The college I raced for closed and the US Ski Team coaches wanted me to cut my hair and leave my girlfriend behind on the racing circuit. So I chose climbing!
In the 80s you became fascinated by alpine-style climbing in the Himalayas. What was your motivation?
I started to form an idea of a progression of climbs that would lead up to doing some of the harder and more beautiful routes on the highest peaks. The motivation was simple: the climbs I got most from were those where I pushed my self; climbs that are at or slightly beyond my limit so I have to rise to the occasion. Otherwise they were just another climb. Some of the most satisfying were the free ascent of a 2,000-foot pillar on 18,500-foot Puscanturpa Norte and free climbing the Trango Tower in Pakistan.
Is it fair to say that your first ascent of the Metanoia route on the Eiger's North Face seems to represent a career high at what was an all-time personal low?
I read Heinrich Harrer's book The White Spider when I was a boy and in February 1991 wanted to climb the North Face in a style that honoured its pioneers. I was going through a divorce and I wanted to stack the deck against myself: go alone, in winter, without bolts, and try the hardest unclimbed route I could find on the highest part of the wall.
Why did you call your new Eiger route Metanoia - a Greek term for 'spiritual conversion'?
Because that is what I had, high on the Eiger's North Face, trapped by a storm in a tiny hermit cave. I'd been on small rations for days. Shivering in waves, I stared at a picture of my two-year-old daughter Sonja, feeling remorse for the mess I'd made of my marriage and the sense of abandonment that she would face. My awareness detached itself from my body and I could focus on any place or time and instantly be there. The clarity of sight, hearing and consciousness was like nothing I'd ever known. I experienced a fundamental change of thinking and an opening of my heart - a Metanoia. Suddenly my path was clear, so I completed the final 1,000 foot of the face and let a helicopter take me down without climbing the relatively simple 300 foot to the summit.
With this debilitating illness does adventure still have meaning for you?
Absolutely. Adventure is about not knowing the outcome and requiring the best of me to engage with the experience. Every day now is an adventure. On a deep level my life is so interesting and worthwhile. Again, something I learned from climbing is that it doesn't have to only be fun to be worthwhile and rewarding.
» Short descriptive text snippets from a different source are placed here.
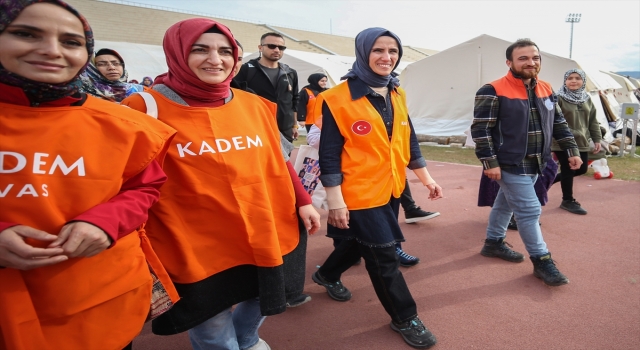 KADEM Mütevelli Heyeti Başkanı Sümeyye Erdoğan Bayraktar, Kahramanmaraş’ta depremzede kadınlarla buluştu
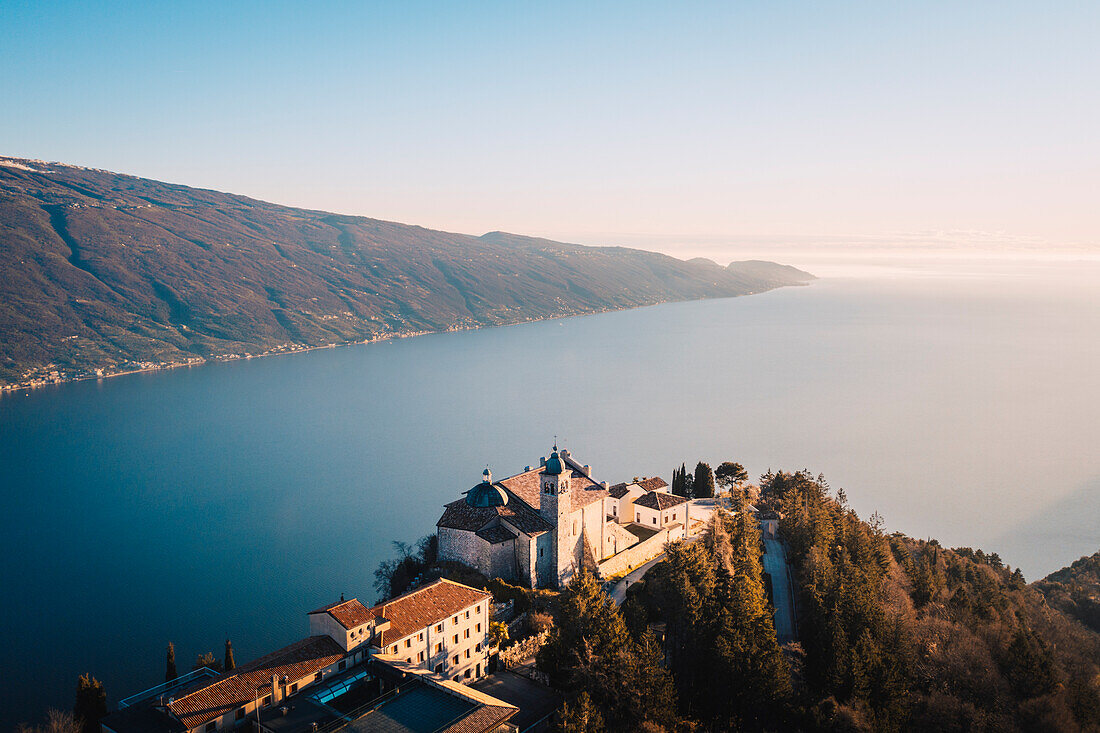 Hügel von Montecastello, Tignale, Lombardei, Gardasee, Italien.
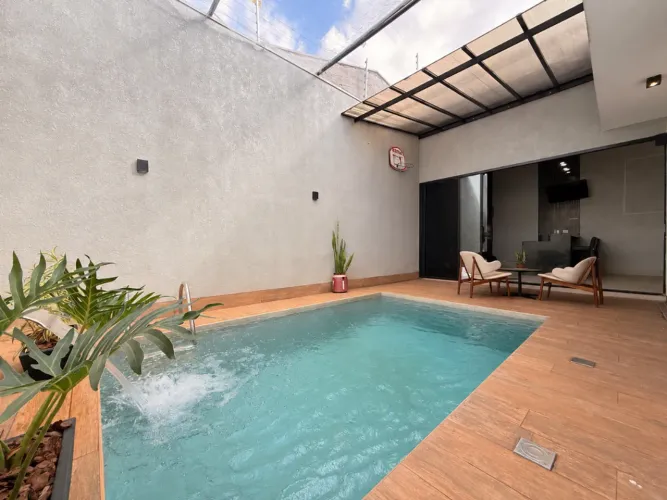Casa à venda em Maringá, Jardim América, com 3 suítes, com 223.33 m²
Lowe Alpine is 50 years old in 2017.
Jeff Lowe timeline
1950 Born 4th of 8 children in Ogden, Utah, USA to ex-RAF pilot turned lawyer Ralph and dancer Elgene.
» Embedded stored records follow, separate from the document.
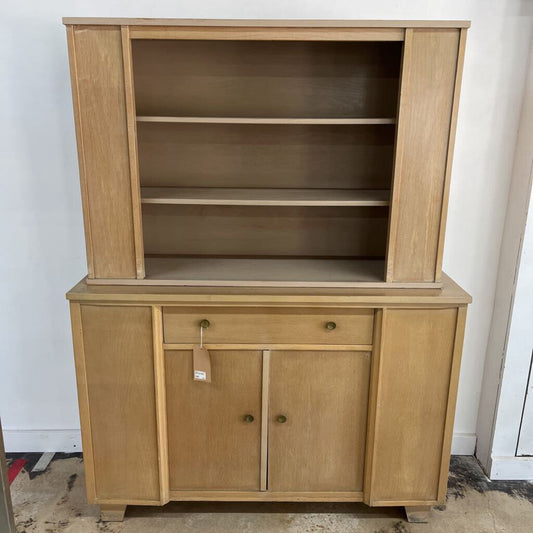 MID CENTURY MODERN BLONDE CHINA CABINET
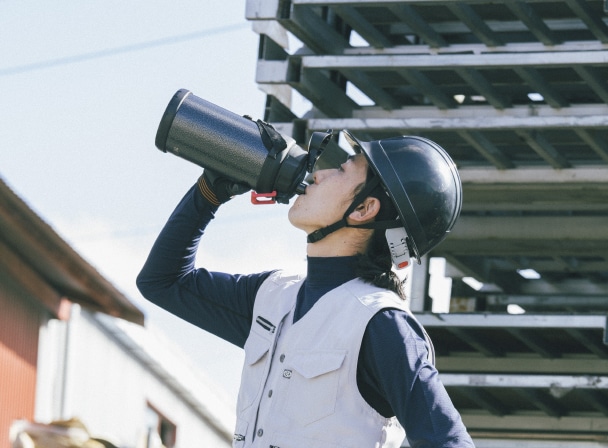 帽子やヘルメットをかぶったままでもOK
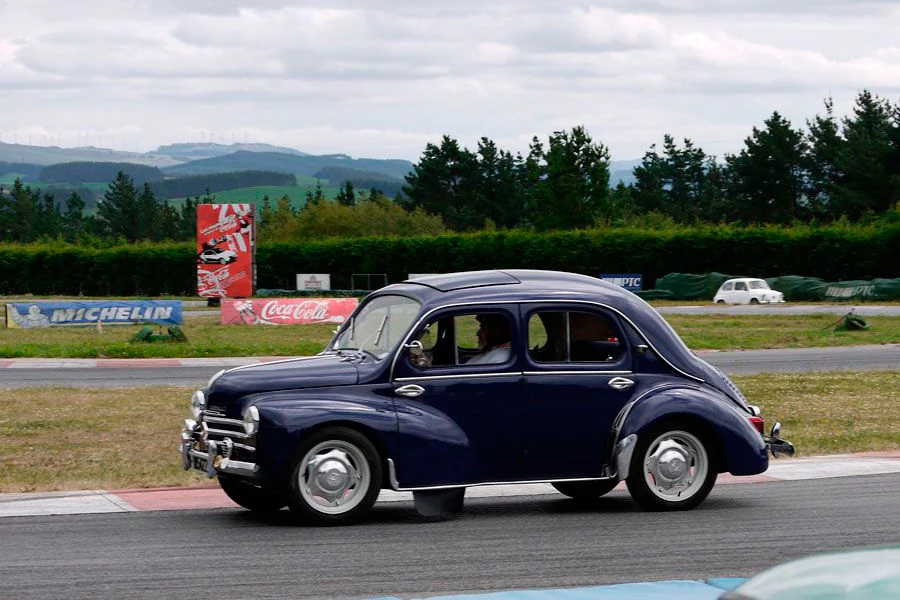 El Renault 4/4 fue el primer coche fabricado en España tras la Guerra Civil.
1958 Youngest person to climb Grand Teton (aged 7), with father Ralph, his brothers Mike and Greg - the latter founding Lowe Alpine 10 years later.
1964 First solo bivouac and overnighter to climb new route up Mt Ogden, aged 14.
1969 Moves to Colorado, where his brother Greg soon joins him. Both Jeff and Mike Lowe join the company Lowe Alpine Systems in the early 70s.
1974 Pioneering European ice climbing techniques in the US, Jeff makes the first ascent of Bridalveil Falls, Colorado with Mike Weiss.
1976 Opens International Climbing School in El Dorado Canyon, near Boulder, Colorado.
1978 Climbs highest route to date on Pakistan's Latok 1 with Michael Kennedy and George Lowe.
1979 Joins father Ralph and brother Greg on Ama Dablam expedition in the Himalaya, where he climbs first solo first ascent of a major Himalayan route.
1981 Climbs Everest cementing his preference for solo or two-man alpine style climbing over mountain 'assaults'.
1989 Climbs Nameless Tower of Trango, Pakistan with Catherine Destivelle.
1994 Starts up the Ouray Ice Festival with second wife Teri Ebel.
2000 Jeff experiences first debilitating symptoms of a neurodegenerative disease.
2013 inducted into the Mountaineering Hall of Excellence at the Bradford Washburn Museum in Golden, Colorado
2014 Collaborates in the award-winning biographical documentary Jeff Lowe's Metanoia about his climbing, his life, the phenomenal Metanoia climb itself and living with a neurodegenerative disease.